Because his belly was continuing to distend as it filled with fluid and the pain was increasing, there seemed no alternative than a laparascopy with a camera.

The head surgeon speculated about what he might find: a possible bowel obstruction AND something with his appendix.

We gave him the go ahead to fix what he saw, no matter what he found.

We all kissed him goodbye as the first pre-op drugs entered his body and the surgery commenced at 8:00 p.m.

At 10:30 the surgeon came out with a smile.

Apparently, my son had a congenital defect we were never aware of — because up until then it had never caused a problem.
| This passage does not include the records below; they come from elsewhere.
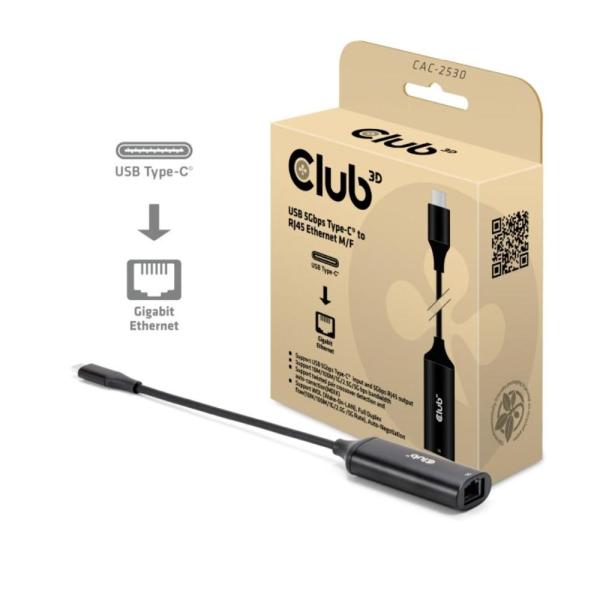 Club3D Adaptér USB-C na RJ45,  5Gb,  24cm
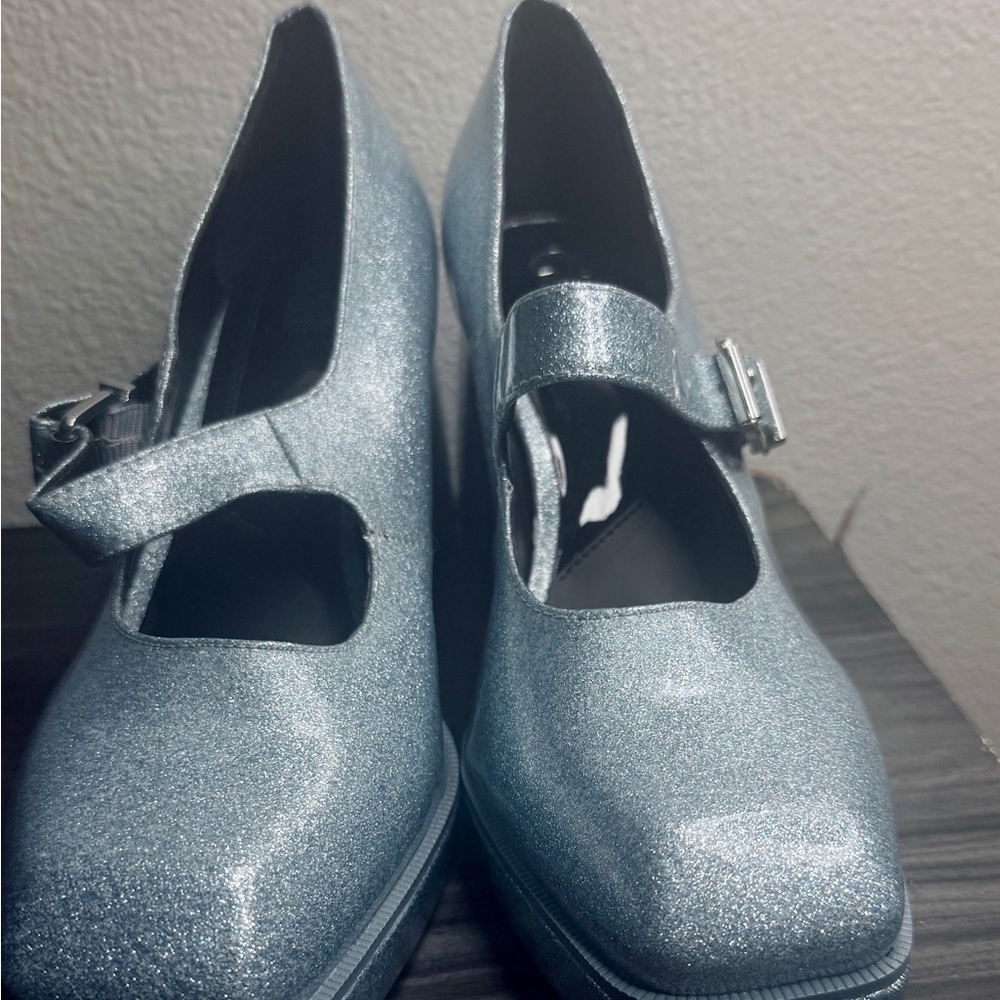 Mary Jane Sky Blue Glitter Shoe NWOT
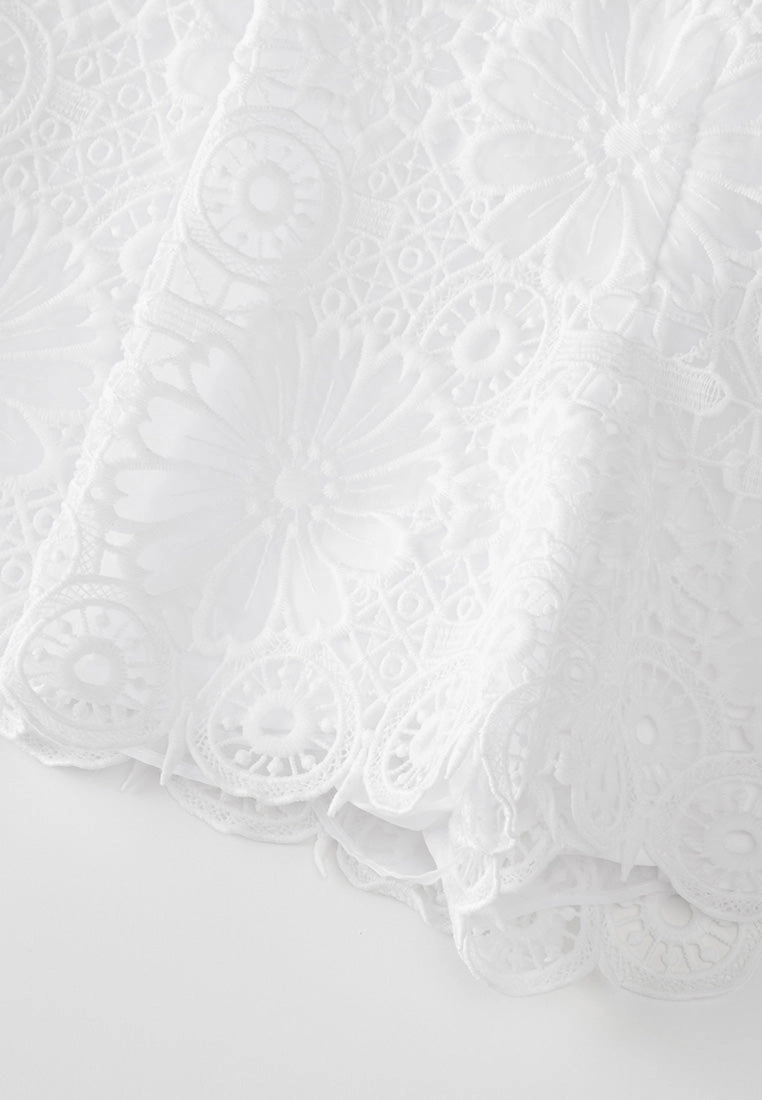 White Lace Pleated Shorts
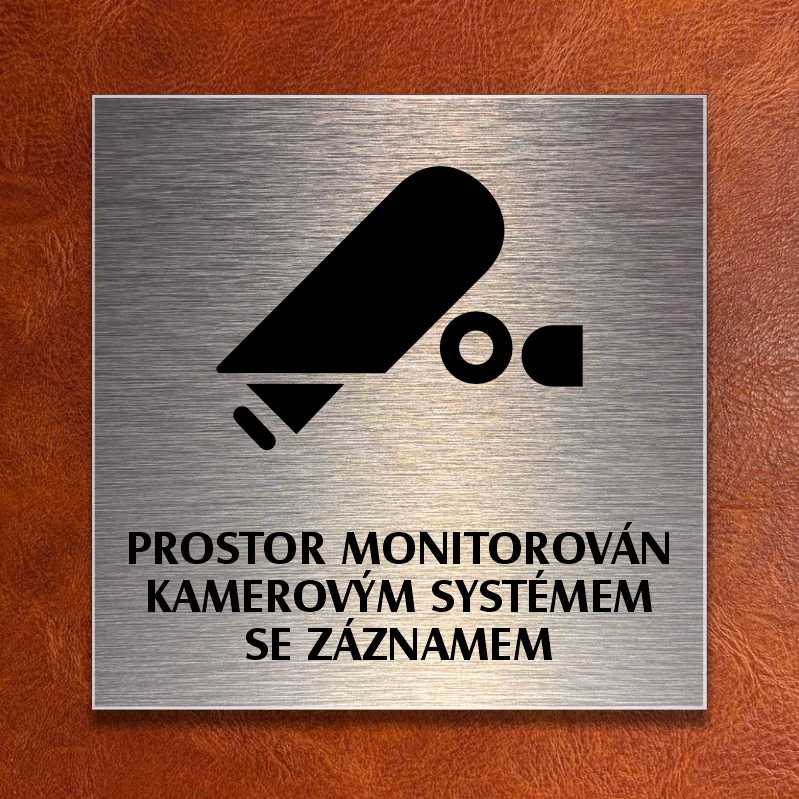 Piktogram "Kamera se záznamem"- stříbrný, venkovní, k lepení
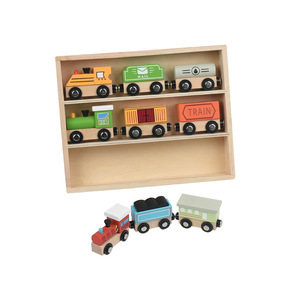Juguete de vehículo de madera para niños, caja de madera empacada, Mini tren, señal de tráfico, juguete cognitivo, aprendizaje temprano, Juguetes Educativos de madera para niños - Product Image 5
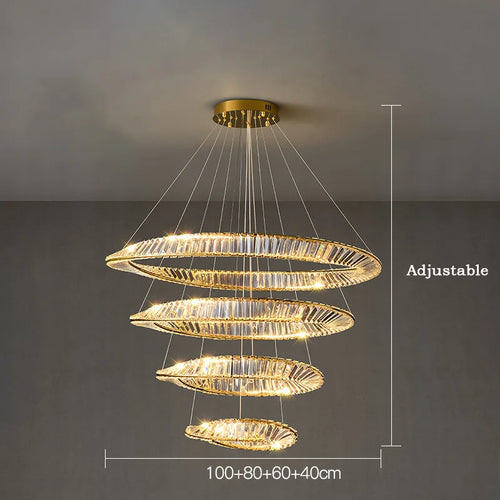 suspension moderne en aluminium et cristal led - vue 15 sur 14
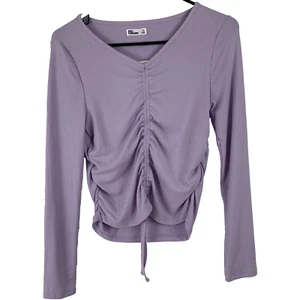 Epic Threads Juniors NWT rusched tie front V neck purple cropped top XL - Picture 1 of 8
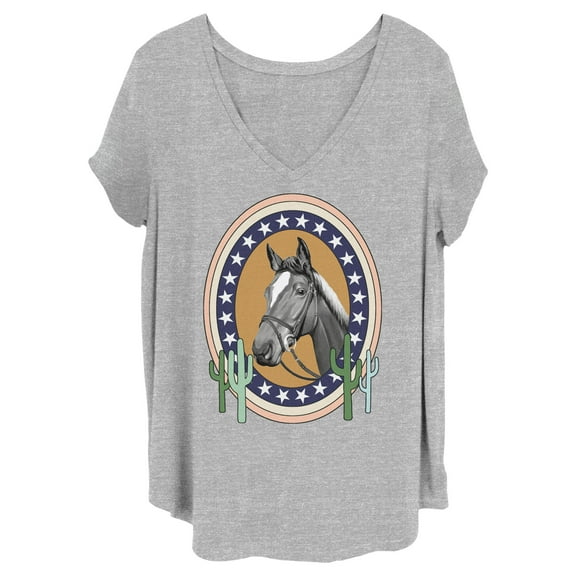 Junior's Lost Gods Horse Star Frame Portrait Graphic Tee Heather Gray 2X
An abnormal sac or pouch that develops at a weak point in the intestines is known as a diverticulum. In some instances, people are born with a diverticulum in their intestines. This condition is called Meckel’s diverticulum.

Meckel’s diverticulum develops between the 5th and 7th weeks of fetal growth.

Because the condition is present at birth, it is classified as a congenital health issue. Although it generally remains silent, life threatening complications may arise.

And they did.

It was a perfect storm of a worst case scenario.

He had a massive bowel obstruction; intestines were strangulated and all knotted up. By the time the surgery started, two feet (24 inches!!!) of intestine had lost blood supply and died, all within a time span of twelve hours. The surgeon removed the necrotic part, did a resection, including eight inches of colon and removal of his appendix.

Without this life-saving surgery, there is no doubt that this Mother’s Day would not have been. It’s anticipated that he’ll have a rapid recovery — he’s already walking around around due in large part to his overall good health and fitness level.

Now, as soon as he’s released and we can fly him back to SoCal, my Mother’s Day will be spent caring for my Angel Boy and nursing him back to health.

His future is as bright as it ever was; this was just a brief course change in a life full of joy and adventure.

My tugboat man and Angel Boy have plans to surf the south swell in SoCal this summer and that’s the best Mother’s Day gift I could ever imagine.

P.S. The surgical team at Rhode Island Hospital were/are AMAZING. We lucked out with a guy who clearly enjoys what he does, who knew his way around this type of surgery, and explained it all to us with intelligence and humor.